Re: Commercial kitchen cleaning
« Reply #7 on: January 01, 2009, 03:26:45 pm »
dont leave it alone try it.....and learn

cwmarsham

  • Posts: 11
Re: Commercial kitchen cleaning
« Reply #8 on: March 30, 2009, 12:04:47 am »
Look ducts & fans leave well alone! Clean up to them that’s it. I charge a hospital kitchen that has a main kitchen area and small prep area £375 that’s canopy, filters, oven, walls top to bottom, kick plates, behind shelves, behind dishwasher, the two drain channels, behind the fridges & freezers and one small deep Fat Friar and the floor scrubbed = 2 days work from 14:30 (after lunch) to roughly 20:00-21:00 hrs and £375 in my pocket oh and free lunch and coffee from the chef LOL  ;D

I would agree with Duncan check check and double check your insurance.

And a last bit of advice in this game like many you will have your doubters who will fill your head with negative thoughts but my advice is jump! Look at first it's it will be hard there will be days you will think "what am I doing" but no-one just becomes perfect overnight it takes a lot of trial and error but the main thing is you take that first jump.

Robert Parry

  • Posts: 535
Re: Commercial kitchen cleaning
« Reply #9 on: March 30, 2009, 01:33:26 pm »
Cleaning is not rocket science, however deep cleaning commercial kitchens is a whole new ball game!

Firstly you need to be trained and qualified, just having a go, is not on at all!

The owner or manager of the premises has to comply with the regualations covering commercial kitchens, food prep area's etc.

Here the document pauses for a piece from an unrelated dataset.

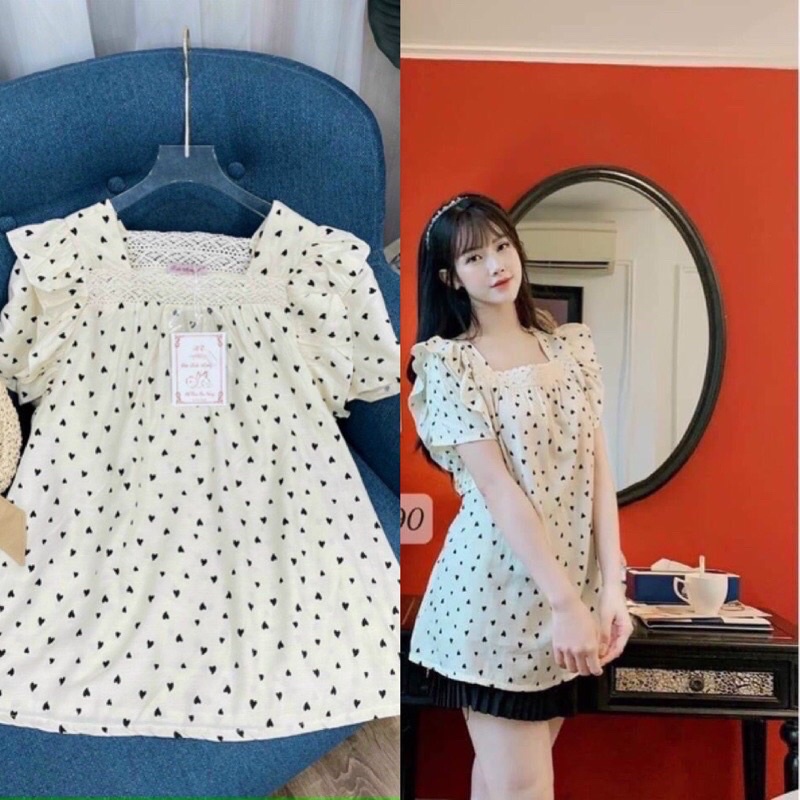 Áo Bầu Hình Tim ren cách điệu cổ vuông☘️Hàng loại 1☘️Chất Đũi siêu thoáng mát,thấm hút mồ hôi☘️tay bèo điệu đà☘️freesize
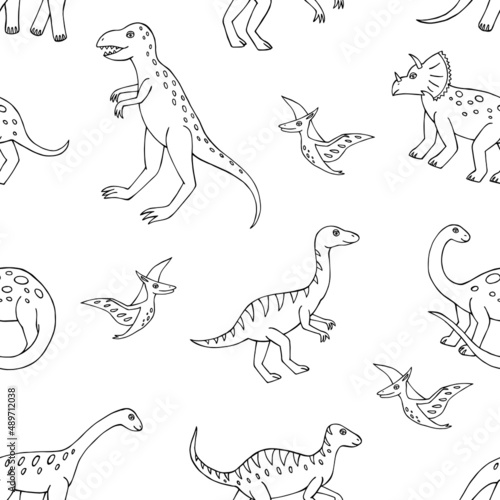 Seamless vector pattern with sketch of dinosaurs. Decoration print for wrapping  wallpaper  fabric. Seamless vector texture.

Failure to comply with these regulations could in fact lead to criminal prosecution, not to mention food poisoning etc, this is just one of the reasons why these owners and managers pass on this work to outside contractors.

As others have stated, ordinary public liablity insurance would not cover you for this type of work, so if anything did go wrong, your insurance would not pay out!

Coshh, should be a given, using non tainting products only.

Ducts, extractors etc are a specialist area, requiring specialist equipment, and strict methods of operation and procedures.

In the present financial climate it is very tempting to take any sort of work, especially in this field as the rewards are very good, however, if you are not trained in this sort of work you could be held responsible for causing a fire, cases of food contamination, food poisoning, even death. You also could be held responsible for the closure of your client's business.

There is a world of difference in keeping a clean kitchen on a daily basis, and having a deep clean carried out.

Those on here and elsewhere who tell you to jump, are in my opinion, giving the wrong advice, they may have gotten away with it so far, but one day the chickens will in fact come home to roost!

cwmmarsham hospital kitchen is not a deep clean, but general kitchen cleaning, which can also be a good earner, although in my opinion is still a little cheap, not much but a little.

If you do decide to enter this segment of the market, be careful to distinguish between maintenance cleaning and a deep clean, but please remember to ensure that your insurance would cover you for general cleaning in a commercial kitchen as well.

Regards,

Rob
A world of difference....

Re: Commercial kitchen cleaning
« Reply #10 on: March 30, 2009, 05:20:36 pm »
I was sucked in to do a deepclean of a commercial kitchen and quoted £450 thinking they wouldn't entertain that sort of money.... I got the job and wished I hadn't, 2 of us worked solid for 8 hours and were absolutely sickened by the end of the day. This is seriously hard work and without having the correct tools of the trade, very laborious!  I clean ovens (Domestic) and wrongly thought that I could tackle a commercial kitchen clean.... I have since turned 3-4 commercial jobs down. I'll stick to what I know!!!!